Temperature, the type of honey and the kind of container all contribute to how long it takes for honey to begin crystalizing. Honey should be stored in glass jars and tightly sealed whenever possible. Plastic containers tend to be porous and poor for preservation.                                                                               Honey isn’t a complicated food, though it is quite long lasting. There are two types of sugars in honey, fructose and glucose. Fructose will hold on to water longer and inhibit crystallization. Glucose has a lower level of solubility, meaning  it will crystalize easier.  Honey with a glucose level of 40% may begin to crystalize within several months while a level of 35% may take upwards of a year, and 30% several years.                                              A common honey like clover, as well as others such as lavender and dandelion have higher levels of glucose.  Acacia/Locust tree and Sage honey are high fructose and tend to store longer without crystallizing.                          Cooler temperatures will also accelerate the process, even in beehives.

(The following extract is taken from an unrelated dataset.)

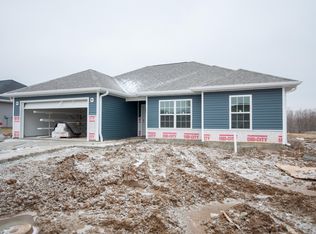 102 Summit Peak Dr, Columbia, MO 65202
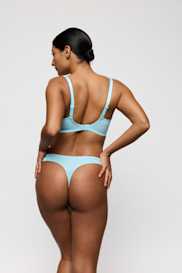 Salesbook image with head | Primadonna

Unfiltered honey is also prone as the crystals will form on the impurities. Ideal temperatures for storing honey are between 50-70 degrees. Avoid refrigeration and leaving on or around stoves or ovens.  Keep lids tight.

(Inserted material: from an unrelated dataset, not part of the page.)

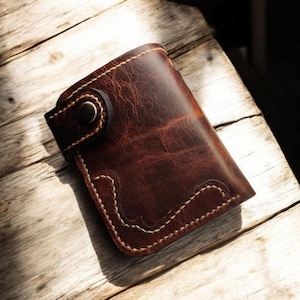 Handgefertigter Kartenhalter aus Leder mit Druckknopfverschluss - Zwei Fächer, kompakt und langlebig, Premium Toscana Leder von Serhat bei SK Leather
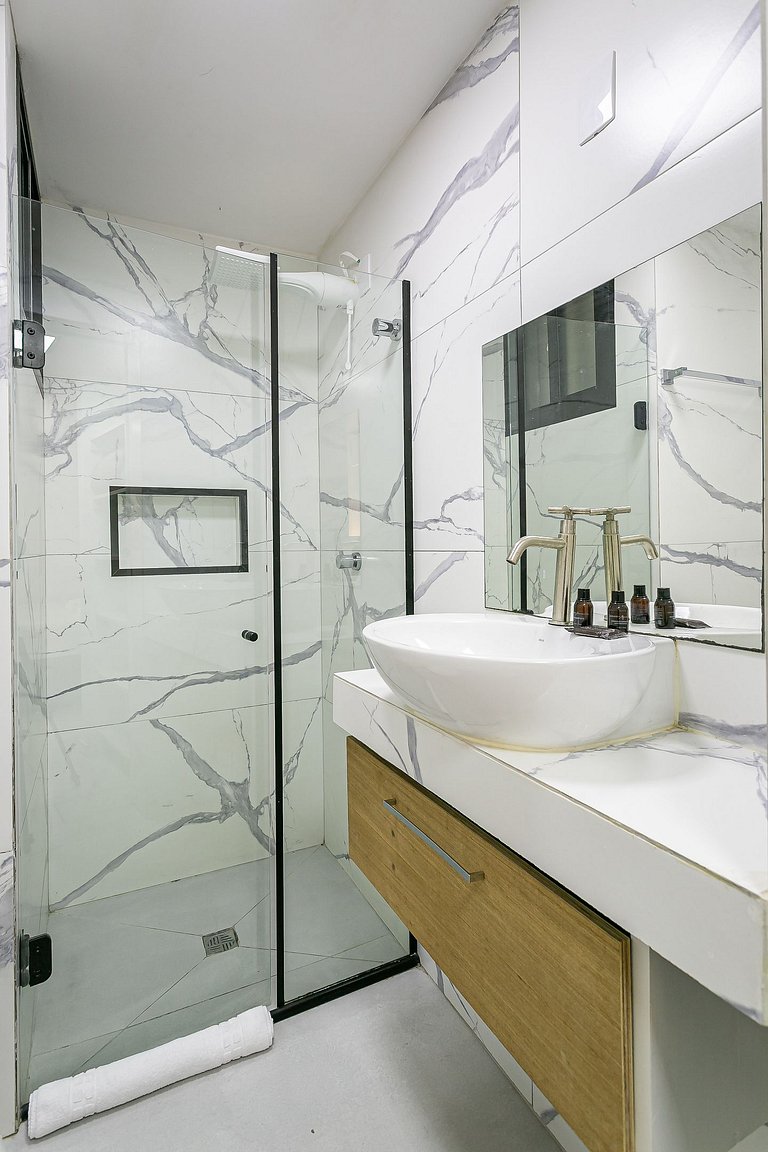 Polo Central | 300MB Wi-Fi | Smart TV #CA94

So, if you have lumpy, coarse honey, what do you do? Short answer is to reheat it.


On your stove, a warm bath in a pot of water is about all that you need. The water should be hot but not boiling, and the container lid removed. Slowly stir the honey to break up the crystals until it has reached it’s earlier state. Boiling  or microwaving honey can kill the natural nutrients. Once you are done, remove the containers and allow to cool and reinstall the lids tightly.

An interesting note, creamed honey, also known as “Spun Honey” is not whipped, but is also crystalized. The difference is that creamed honey has small, very smooth crystals as opposed to the large, coarse granulated type. You can take a small amount of the creamed honey and add it to a jar of crystalized honey and mix them together. The two will combine and after several days transformed into a second jar of creamed honey.